TOYO will acquire 100% of the issued and paid-up share capital of TOPTOYO INVESTMENT PTE from Fuji Solar in exchange for one ordinary share of TOYO per share.
Immediately prior to closing, Fuji Solar will hold an aggregate of 41,000,000 TOYO Ordinary Shares, representing all issued and outstanding share capital of PubCo.
In terms of the earnout, at or prior to the closing, an aggregate of 13,000,000 PubCo Ordinary Shares held by Fuji Solar will be deposited in a segregated escrow account and will be released from the earnout escrow account and delivered to Fuji.
Following the merger, if the net profit of PubCo for the fiscal year ending December 31, 2024 as shown on the audited financial statements is no less than $41 million, then the shares will immediately become vested in full and be released from the account to Fuji.
If the 2024 audited net profit is less than $41 million, then the portion of the shares in number equal to the quotient of the net profit divided by $41 million multiplied by 13,000,000 PubCo Ordinary Shares, will become immediately vested and be released.

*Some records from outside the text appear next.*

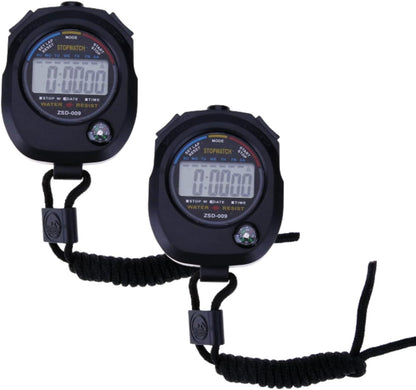 Digital Stopwatch-Sports Timer Set Multi-Function Professional Handeled Electronic Large Display (Style B)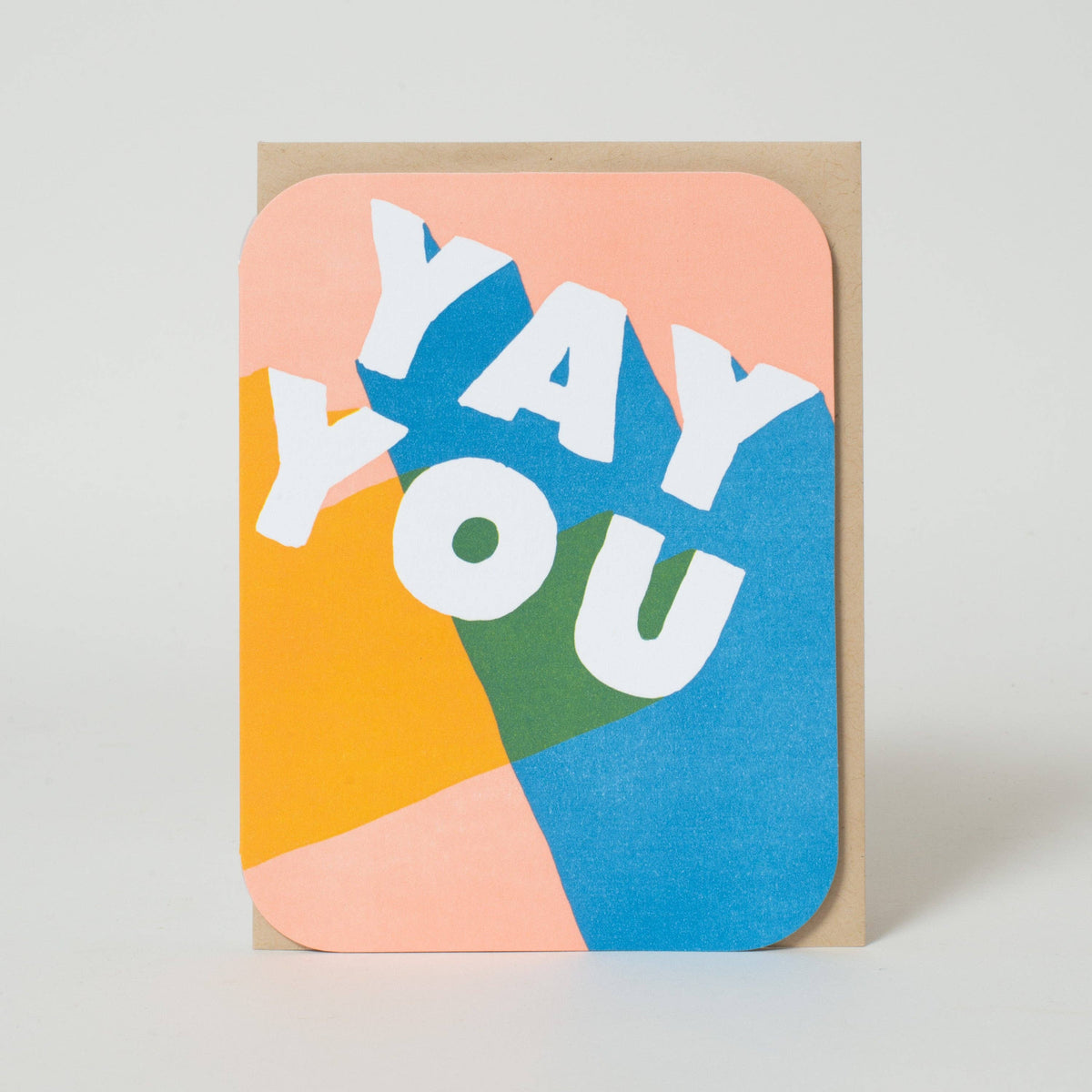 Yay You Letterpress Greeting Card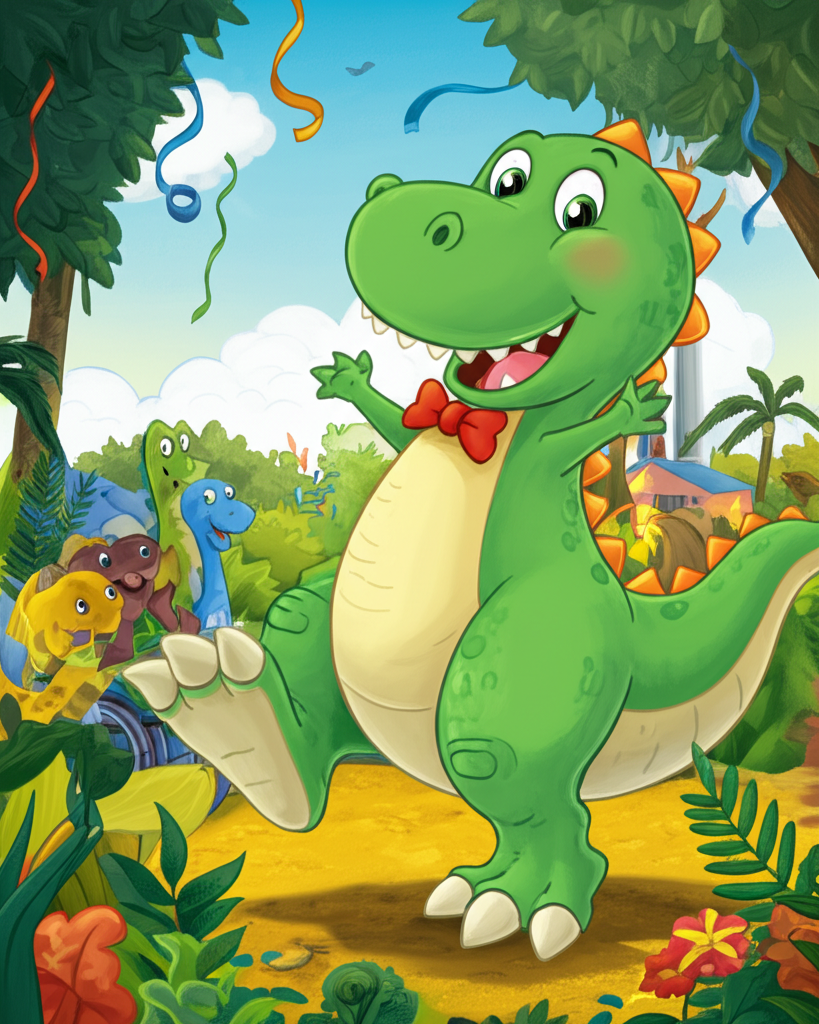 Hugo’s dinosaur dance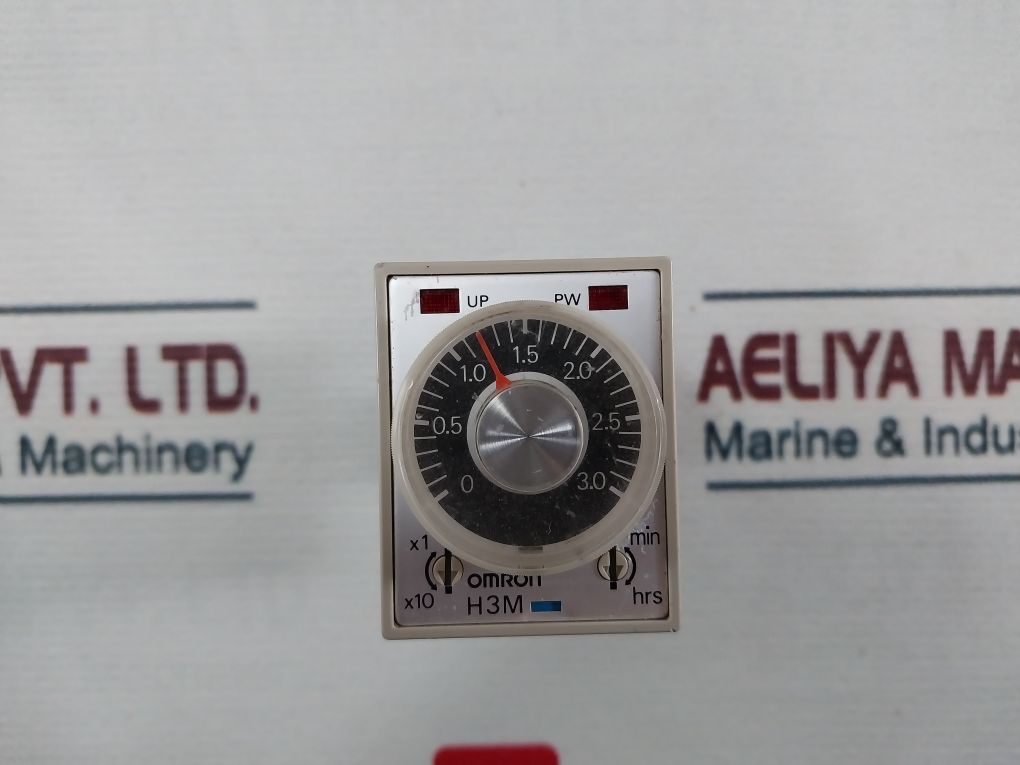 Omron H3M Timer 0 To 3.0 100/110/120Vac 50/60 Hz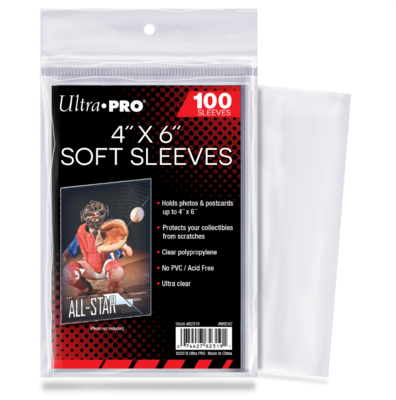 Ultra Pro Card Sleeves 4 x 6 Sleeves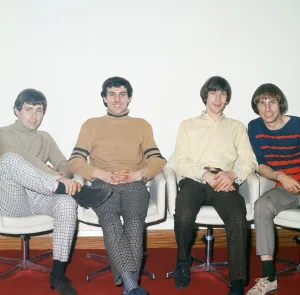 00631 Prints: British rock group The Troggs pose before appearing on the BBC television programme Top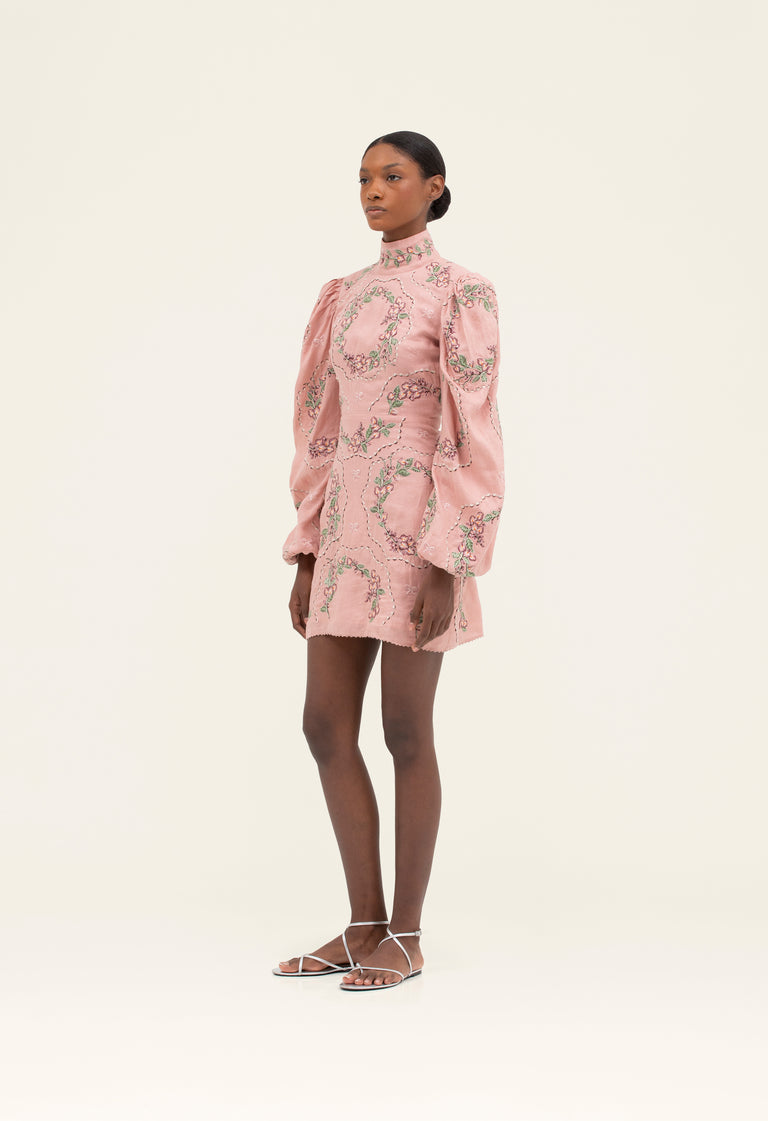 Aurora-Guaba-Wisteria-Mini-Dress-17548-3 - 3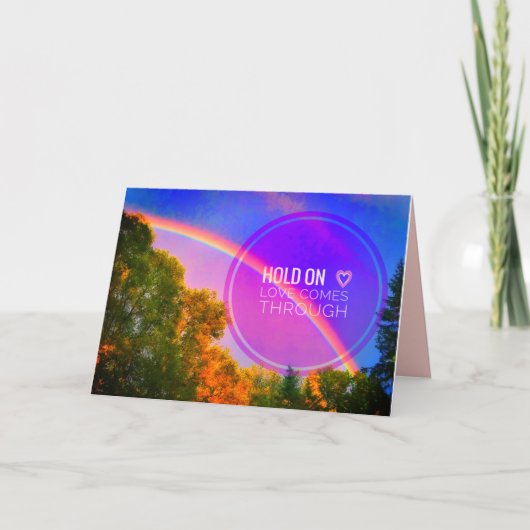 MAINTENIR SUR <3 CARTE D'ACCUEIL LUMINEUSE DE PLAN (Devant)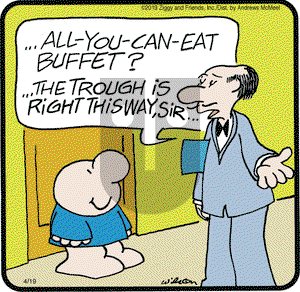 Ziggy on Friday April 19, 2019 Comic Strip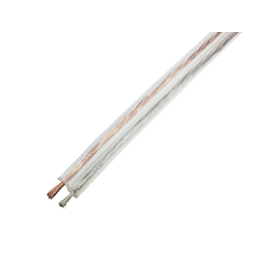 CCA acoustic cable, 2x0.35mm, transparent, 100m Sound Star 7-0206A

The remaining portion of the earnout shares will be surrendered or otherwise delivered by Fuji to PubCo for no consideration or nominal consideration and canceled.
Regarding the lock-up, the sponsor and company agreed not to transfer any of their shares until the earlier of for 20% of the PubCo Ordinary Shares held, 6 months after closing, for 30% of the ordinary shares held, 12 months after the closing, and for 50% of the shares held, 18 months after closing. Or, the date on which the closing price of each ordinary share equals or exceeds $12.00 per share for any 20 trading days within any 30-trading day period commencing at least 150 days after closing.
The parties have not yet released an investor presentation, but Blue World’s profile page will be updated once more terms and details are made available.
Quick Takes: TOYO becomes the fourth solar company this year to unveil a SPAC deal, contributing to a modest rise in the representation of solar enterprises among the 18 deals announced in 2023 focused on the traditional green categories – sustainability, EVs and renewable energy.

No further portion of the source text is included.